Some ideas to help teach Evolution under BC’s new Grade 7 Science curriculum

I am going to take a break from writing about tame topics like pipelines and Site C to try my hand at a truly contentious topic: teaching evolution in the BC classroom.

As any Grade 7 teacher (or Grade 6 if you are doing A/B Year Schedules) knows, the new BC curriculum has made the topic of Evolution one of the “Big Ideas” for Grade 7 Science. Needless to say a lot of teachers have not had to teach the subject before and are at a loss how to address many of the challenges associated with this potentially hot-button topic; especially given the age of the children being taught. As a practicing scientist, I do a lot of science outreach in the schools and this year my wife asked me to come down to her school to help a couple of her colleagues who were looking for assistance teaching the subject to their students. In this post I would like to share some ideas I have gleaned on how to make this challenging topic understandable for elementary-aged kids and to avoid/side-step some of the landmines associated with teaching this topic.
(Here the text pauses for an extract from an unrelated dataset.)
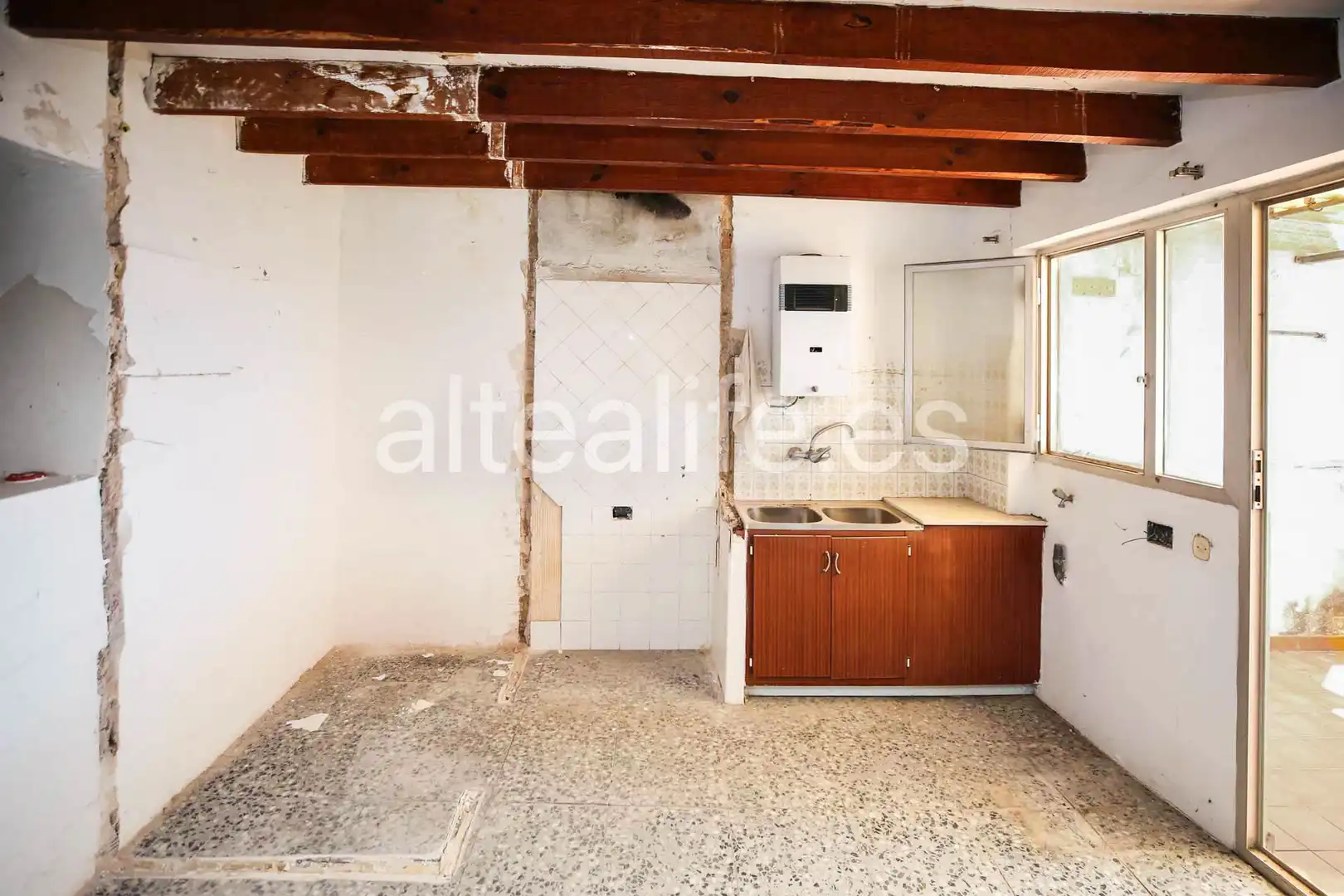 Cocina de Casa adosada en venta en Altea con Terraza y Trastero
The BC Curriculum Guide breaks down the topic into three areas:

  • changes in traits over time,
  • survival needs, and
  • natural selection.

The problem is that these are not intuitive divisions so I will give some simple ideas about important topics you may wish to cover.

What’s DNA? – let’s talk LEGO

In order to really understand evolution kids need a basic understanding of the concept of DNA. The problem is DNA is not an easy topic to teach or understand in Grade 7. When I was in high school we were taught the DNA was like a recipe book. Follow the recipe right and you make a living creature. Make a mistake following your recipe and you might have a delight or a disaster.

While that may fly for older kids, for younger kids I find that teaching DNA using LEGO is a better analogy. Think of DNA as the instruction booklets that come with a set of LEGO and the bricks as the proteins etc.. that make up a cell/body. Since my son is a LEGO fan I use a Super-Star Destroyer as an example. It comes with multiple little books and multiple little bags of parts. Using the books you assemble the parts. Because the project is large the chance exists for a mutation where one brick is put in the wrong spot. It might be 15 steps later before you discover that the error (a mutation) means another brick can’t be placed where it is supposed to go. Maybe your saucer unit won’t fit on the top and you have to move it. The change may be good or bad but it is a change. If you are lucky the change makes your LEGO creation cooler and not a disaster. It you are unlucky your Super-Star Destroyer loses its sensor array and the Millennium Falcon sneaks up behind it and blows it up.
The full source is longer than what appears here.